A 14B open base model reaches 80% on HumanEval and 74.4% on HumanEval+ with only a Python interpreter as oracle and no human-curated training data, for under $5 of consumer-GPU compute. This repo contains the recipes, mined pairs, evaluation scripts, and adapters from the paper.
📄 Paper: How Far Can an Open Base Model Self-Improve? Recipes, Limits, and Test-Time Synergy — arXiv link forthcoming
📦 Companion to: ranausmanai/tinyforge (earlier exploratory experiments)
Headline results
| Model | Setting | Base | After recipe | Δ |
|---|---|---|---|---|
| Qwen2.5-14B-Base | HumanEval (chat-template) | 44/164 (26.8%) | 131/164 (79.9%) | +53.0pp |
| Qwen2.5-14B-Base | HumanEval+ | — | 122/164 (74.4%) | — |
| Qwen2.5-7B-Base | HumanEval (best seed) | 25/164 (15.2%) | 112/164 (68.3%) | +53.0pp |
| Qwen2.5-3B-Base | GSM8K (auto-difficulty curriculum) | 32/100 | 66/100 | +34pp |
| Random external pairs | HumanEval (control) | 25 | 25 | +0 |
All numbers from result.json files in this repo's accompanying paper data. Same adapter under the multi-pair run's eval format reads 132/164 (80.5%) — both round to 80%.
The recipe in one diagram
A control experiment — replacing the mined pairs with identically-formatted but randomly-corrupted external pairs — yields exactly +0. The signal is in the self-mined content, not the training-data format.
What's in this repo
tinyforge-zero/
├── recipe/
│ ├── train_on_pairs.py # Fast-path: train LoRA on a released pairs.jsonl
│ ├── bootstrap.py # Full-path: self-bootstrap pipeline (mining + train, 7B / 3B)

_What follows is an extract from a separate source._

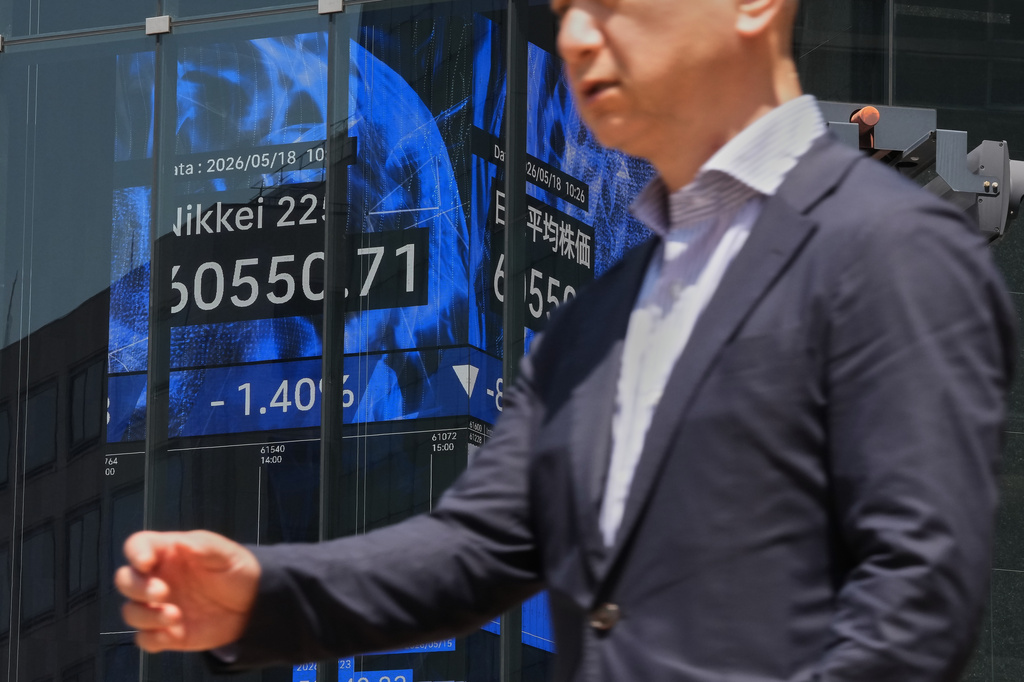 A person walks in front of an electronic board at a business building showing Japan's Nikkei index, Monday, May 18, 2026, in Tokyo. (AP Photo/Eugene Hoshiko)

│ ├── multi_pair_14b.py # Full-path: aggressive multi-pair variant → 80.5% on 14B
│ ├── curriculum_math.py # Full-path: auto-difficulty curriculum for GSM8K
│ ├── eval_raw.py # HumanEval / MBPP / GSM8K eval (vLLM, raw-completion)
│ ├── eval_plus.py # HumanEval+ contamination-resistant eval
│ └── confirm.py # Confirmation re-eval against base
├── data/
│ ├── pairs_7b_40.jsonl # 40 self-mined pairs (Qwen2.5-7B-Base run)
│ ├── pairs_14b_multi_new60.jsonl # 60 aggressive-mined pairs for 14B (+ warmup 40 → 100 total)
│ └── pairs_math_13.jsonl # 13 curriculum-mined math pairs (Qwen2.5-3B-Base → GSM8K 32→66)
├── controls/
│ └── mbpp_corrupt_control.py # The +0 negative-control experiment
├── docs/
│ ├── scaling_chart.png # Recipe lift vs base capability (paper Fig 1)
│ ├── fig1_headline.png # Headline result chart
│ └── fig6_boundary.png # Boundary conditions across 9 models
├── REPRODUCE.md # Paper figure/table → exact command mapping
├── requirements.txt
└── LICENSE
Quickstart
# 1. Clone
git clone https://github.com/ranausmanai/tinyforge-zero.git
cd tinyforge-zero
# 2. Install (Python 3.10+, CUDA 12.1+, GPU with ≥40GB VRAM recommended)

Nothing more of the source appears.